#### WHAT THE EXERCISE ASKS:
In your answer, copy every entry that follows exactly.
━━━━━━━━━━━━━━━━━━━━
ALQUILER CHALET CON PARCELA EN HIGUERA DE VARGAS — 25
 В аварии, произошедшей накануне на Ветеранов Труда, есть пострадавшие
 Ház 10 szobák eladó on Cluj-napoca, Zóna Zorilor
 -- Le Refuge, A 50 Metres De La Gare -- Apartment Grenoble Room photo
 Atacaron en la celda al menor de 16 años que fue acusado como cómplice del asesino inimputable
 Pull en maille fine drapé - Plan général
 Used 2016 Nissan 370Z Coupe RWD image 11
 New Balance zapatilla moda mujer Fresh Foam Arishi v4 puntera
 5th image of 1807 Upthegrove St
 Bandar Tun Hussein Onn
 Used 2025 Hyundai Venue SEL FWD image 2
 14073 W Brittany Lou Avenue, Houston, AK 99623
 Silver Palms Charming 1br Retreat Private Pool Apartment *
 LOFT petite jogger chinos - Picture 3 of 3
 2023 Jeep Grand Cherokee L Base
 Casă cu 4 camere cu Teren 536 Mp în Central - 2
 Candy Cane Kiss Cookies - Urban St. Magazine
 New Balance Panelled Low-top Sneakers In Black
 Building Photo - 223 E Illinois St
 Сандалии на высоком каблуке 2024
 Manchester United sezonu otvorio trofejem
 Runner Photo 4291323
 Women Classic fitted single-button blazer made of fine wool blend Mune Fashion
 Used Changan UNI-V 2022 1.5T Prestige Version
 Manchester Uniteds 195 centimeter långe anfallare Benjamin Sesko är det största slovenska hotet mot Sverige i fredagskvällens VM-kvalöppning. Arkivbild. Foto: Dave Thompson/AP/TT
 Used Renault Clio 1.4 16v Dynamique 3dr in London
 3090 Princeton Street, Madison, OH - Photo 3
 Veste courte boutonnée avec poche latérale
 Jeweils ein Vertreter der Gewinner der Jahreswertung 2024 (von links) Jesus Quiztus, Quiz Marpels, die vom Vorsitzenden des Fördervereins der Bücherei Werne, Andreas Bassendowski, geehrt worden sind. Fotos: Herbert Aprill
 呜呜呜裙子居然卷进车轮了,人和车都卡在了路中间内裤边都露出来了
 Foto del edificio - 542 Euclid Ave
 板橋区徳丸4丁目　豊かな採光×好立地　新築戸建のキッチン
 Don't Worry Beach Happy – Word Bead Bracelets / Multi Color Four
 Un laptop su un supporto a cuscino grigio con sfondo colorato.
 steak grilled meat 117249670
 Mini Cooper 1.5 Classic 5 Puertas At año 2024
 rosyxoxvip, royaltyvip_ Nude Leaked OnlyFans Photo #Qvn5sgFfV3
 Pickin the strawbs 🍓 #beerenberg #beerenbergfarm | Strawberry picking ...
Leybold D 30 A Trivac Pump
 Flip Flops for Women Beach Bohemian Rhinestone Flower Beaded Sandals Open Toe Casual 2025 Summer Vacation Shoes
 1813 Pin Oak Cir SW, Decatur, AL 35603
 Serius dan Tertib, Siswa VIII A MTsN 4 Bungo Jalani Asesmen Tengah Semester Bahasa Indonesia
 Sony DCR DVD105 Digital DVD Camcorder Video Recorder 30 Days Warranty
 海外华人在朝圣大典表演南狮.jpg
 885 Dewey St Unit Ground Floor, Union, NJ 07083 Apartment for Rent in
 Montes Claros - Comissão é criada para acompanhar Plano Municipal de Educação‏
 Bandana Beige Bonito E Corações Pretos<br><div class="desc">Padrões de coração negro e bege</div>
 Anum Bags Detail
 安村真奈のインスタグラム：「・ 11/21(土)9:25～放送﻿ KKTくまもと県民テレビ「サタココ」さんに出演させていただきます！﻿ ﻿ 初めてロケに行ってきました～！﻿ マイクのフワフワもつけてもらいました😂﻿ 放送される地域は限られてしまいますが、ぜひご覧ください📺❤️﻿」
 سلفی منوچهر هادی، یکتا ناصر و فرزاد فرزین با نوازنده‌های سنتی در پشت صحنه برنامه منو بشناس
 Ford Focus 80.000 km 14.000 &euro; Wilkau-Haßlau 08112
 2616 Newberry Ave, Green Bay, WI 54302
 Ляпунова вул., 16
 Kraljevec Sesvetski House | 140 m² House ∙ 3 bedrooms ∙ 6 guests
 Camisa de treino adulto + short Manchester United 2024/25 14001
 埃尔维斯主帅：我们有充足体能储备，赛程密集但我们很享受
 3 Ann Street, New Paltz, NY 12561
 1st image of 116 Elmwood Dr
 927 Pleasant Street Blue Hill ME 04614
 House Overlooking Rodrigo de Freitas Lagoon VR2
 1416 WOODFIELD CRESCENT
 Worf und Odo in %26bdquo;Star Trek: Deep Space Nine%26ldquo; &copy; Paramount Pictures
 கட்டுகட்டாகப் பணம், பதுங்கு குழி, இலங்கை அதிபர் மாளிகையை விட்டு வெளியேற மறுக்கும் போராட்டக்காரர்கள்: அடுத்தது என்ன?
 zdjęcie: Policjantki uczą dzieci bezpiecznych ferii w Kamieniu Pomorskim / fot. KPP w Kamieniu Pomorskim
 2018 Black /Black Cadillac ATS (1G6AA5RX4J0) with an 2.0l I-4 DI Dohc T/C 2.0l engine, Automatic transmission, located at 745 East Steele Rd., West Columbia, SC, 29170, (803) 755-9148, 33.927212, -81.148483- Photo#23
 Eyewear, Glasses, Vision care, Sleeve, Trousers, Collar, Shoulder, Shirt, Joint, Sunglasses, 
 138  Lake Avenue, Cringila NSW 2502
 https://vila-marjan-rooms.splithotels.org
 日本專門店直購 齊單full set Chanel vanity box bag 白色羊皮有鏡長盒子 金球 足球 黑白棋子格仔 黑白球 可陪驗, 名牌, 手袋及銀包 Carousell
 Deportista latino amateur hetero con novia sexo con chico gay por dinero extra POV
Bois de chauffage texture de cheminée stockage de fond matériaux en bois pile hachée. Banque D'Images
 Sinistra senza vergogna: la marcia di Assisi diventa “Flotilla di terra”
━━━━━━━━━━━━━━━━━━━━
#### THE ANSWER:
ALQUILER CHALET CON PARCELA EN HIGUERA DE VARGAS — 25
 В аварии, произошедшей накануне на Ветеранов Труда, есть пострадавшие
 Ház 10 szobák eladó on Cluj-napoca, Zóna Zorilor
 -- Le Refuge, A 50 Metres De La Gare -- Apartment Grenoble Room photo
 Atacaron en la celda al menor de 16 años que fue acusado como cómplice del asesino inimputable
 Pull en maille fine drapé - Plan général
 Used 2016 Nissan 370Z Coupe RWD image 11
 New Balance zapatilla moda mujer Fresh Foam Arishi v4 puntera
 5th image of 1807 Upthegrove St
 Bandar Tun Hussein Onn
 Used 2025 Hyundai Venue SEL FWD image 2
 14073 W Brittany Lou Avenue, Houston, AK 99623
 Silver Palms Charming 1br Retreat Private Pool Apartment *
 LOFT petite jogger chinos - Picture 3 of 3
 2023 Jeep Grand Cherokee L Base
 Casă cu 4 camere cu Teren 536 Mp în Central - 2
 Candy Cane Kiss Cookies - Urban St. Magazine
 New Balance Panelled Low-top Sneakers In Black
 Building Photo - 223 E Illinois St
 Сандалии на высоком каблуке 2024
 Manchester United sezonu otvorio trofejem
 Runner Photo 4291323
 Women Classic fitted single-button blazer made of fine wool blend Mune Fashion
 Used Changan UNI-V 2022 1.5T Prestige Version
 Manchester Uniteds 195 centimeter långe anfallare Benjamin Sesko är det största slovenska hotet mot Sverige i fredagskvällens VM-kvalöppning. Arkivbild. Foto: Dave Thompson/AP/TT
 Used Renault Clio 1.4 16v Dynamique 3dr in London
 3090 Princeton Street, Madison, OH - Photo 3
 Veste courte boutonnée avec poche latérale
 Jeweils ein Vertreter der Gewinner der Jahreswertung 2024 (von links) Jesus Quiztus, Quiz Marpels, die vom Vorsitzenden des Fördervereins der Bücherei Werne, Andreas Bassendowski, geehrt worden sind. Fotos: Herbert Aprill
 呜呜呜裙子居然卷进车轮了,人和车都卡在了路中间内裤边都露出来了
 Foto del edificio - 542 Euclid Ave
 板橋区徳丸4丁目　豊かな採光×好立地　新築戸建のキッチン
 Don't Worry Beach Happy – Word Bead Bracelets / Multi Color Four
 Un laptop su un supporto a cuscino grigio con sfondo colorato.
 steak grilled meat 117249670
 Mini Cooper 1.5 Classic 5 Puertas At año 2024
 rosyxoxvip, royaltyvip_ Nude Leaked OnlyFans Photo #Qvn5sgFfV3
 Pickin the strawbs 🍓 #beerenberg #beerenbergfarm | Strawberry picking ...
Leybold D 30 A Trivac Pump
 Flip Flops for Women Beach Bohemian Rhinestone Flower Beaded Sandals Open Toe Casual 2025 Summer Vacation Shoes
 1813 Pin Oak Cir SW, Decatur, AL 35603
 Serius dan Tertib, Siswa VIII A MTsN 4 Bungo Jalani Asesmen Tengah Semester Bahasa Indonesia
 Sony DCR DVD105 Digital DVD Camcorder Video Recorder 30 Days Warranty
 海外华人在朝圣大典表演南狮.jpg
 885 Dewey St Unit Ground Floor, Union, NJ 07083 Apartment for Rent in
 Montes Claros - Comissão é criada para acompanhar Plano Municipal de Educação‏
 Bandana Beige Bonito E Corações Pretos<br><div class="desc">Padrões de coração negro e bege</div>
 Anum Bags Detail
 安村真奈のインスタグラム：「・ 11/21(土)9:25～放送﻿ KKTくまもと県民テレビ「サタココ」さんに出演させていただきます！﻿ ﻿ 初めてロケに行ってきました～！﻿ マイクのフワフワもつけてもらいました😂﻿ 放送される地域は限られてしまいますが、ぜひご覧ください📺❤️﻿」
 سلفی منوچهر هادی، یکتا ناصر و فرزاد فرزین با نوازنده‌های سنتی در پشت صحنه برنامه منو بشناس
 Ford Focus 80.000 km 14.000 &euro; Wilkau-Haßlau 08112
 2616 Newberry Ave, Green Bay, WI 54302
 Ляпунова вул., 16
 Kraljevec Sesvetski House | 140 m² House ∙ 3 bedrooms ∙ 6 guests
 Camisa de treino adulto + short Manchester United 2024/25 14001
 埃尔维斯主帅：我们有充足体能储备，赛程密集但我们很享受
 3 Ann Street, New Paltz, NY 12561
 1st image of 116 Elmwood Dr
 927 Pleasant Street Blue Hill ME 04614
 House Overlooking Rodrigo de Freitas Lagoon VR2
 1416 WOODFIELD CRESCENT
 Worf und Odo in %26bdquo;Star Trek: Deep Space Nine%26ldquo; &copy; Paramount Pictures
 கட்டுகட்டாகப் பணம், பதுங்கு குழி, இலங்கை அதிபர் மாளிகையை விட்டு வெளியேற மறுக்கும் போராட்டக்காரர்கள்: அடுத்தது என்ன?
 zdjęcie: Policjantki uczą dzieci bezpiecznych ferii w Kamieniu Pomorskim / fot. KPP w Kamieniu Pomorskim
 2018 Black /Black Cadillac ATS (1G6AA5RX4J0) with an 2.0l I-4 DI Dohc T/C 2.0l engine, Automatic transmission, located at 745 East Steele Rd., West Columbia, SC, 29170, (803) 755-9148, 33.927212, -81.148483- Photo#23
 Eyewear, Glasses, Vision care, Sleeve, Trousers, Collar, Shoulder, Shirt, Joint, Sunglasses, 
 138  Lake Avenue, Cringila NSW 2502
 https://vila-marjan-rooms.splithotels.org
 日本專門店直購 齊單full set Chanel vanity box bag 白色羊皮有鏡長盒子 金球 足球 黑白棋子格仔 黑白球 可陪驗, 名牌, 手袋及銀包 Carousell
 Deportista latino amateur hetero con novia sexo con chico gay por dinero extra POV
Bois de chauffage texture de cheminée stockage de fond matériaux en bois pile hachée. Banque D'Images
 Sinistra senza vergogna: la marcia di Assisi diventa “Flotilla di terra”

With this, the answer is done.